What are all the new LOTG?  I've seen the goal kick one in the WC.  What are all the others??


----------



## timbuck (Jun 26, 2019)

Goal kick
Dropball
Handball
Where to leave the field if you are subbed off 
Coaches can be carded 

I think these are the changes. Might be a few more.


----------



## 1dad2boys (Jun 26, 2019)

There are several with no impact to youth soccer (VAR, etc). Here are two more that will come up. 
If you win the coin toss, you can choose the ball. 
With a wall of 3 or more, no attackers within 1 meter.


----------



## jrcaesar (Jun 26, 2019)

And GK must keep 1 foot on/at the goal line on PKs


----------



## TangoCity (Jun 26, 2019)

What is the change with handball and dropball?


----------



## Grace T. (Jun 26, 2019)

TangoCity said:


> What is the change with handball and dropball?

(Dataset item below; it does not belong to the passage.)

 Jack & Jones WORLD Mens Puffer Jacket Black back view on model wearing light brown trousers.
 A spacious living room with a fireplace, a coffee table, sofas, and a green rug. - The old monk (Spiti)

The handball rule has switch from pretty much anything is not a handball (unless the ref believes it to be deliberate)  to pretty much anything where the arms are raised above a natural silhouette is.

I wrote an article summarizing the changes for parents.

https://www.soccerparenting.com/law-of-the-game-revisions/


----------



## 1dad2boys (Jun 26, 2019)

TangoCity said:


> What is the change with handball and dropball?


For dropball, the number of players that can challenge for the ball has changed. Now only 1 player vs up to 22 under the old law.


----------



## RedDevilDad (Jun 26, 2019)

1dad2boys said:


> Have the local referee associations or league commissioners announced when/if the new rules will go into effect? Summer tournaments in July?  Start of league in September?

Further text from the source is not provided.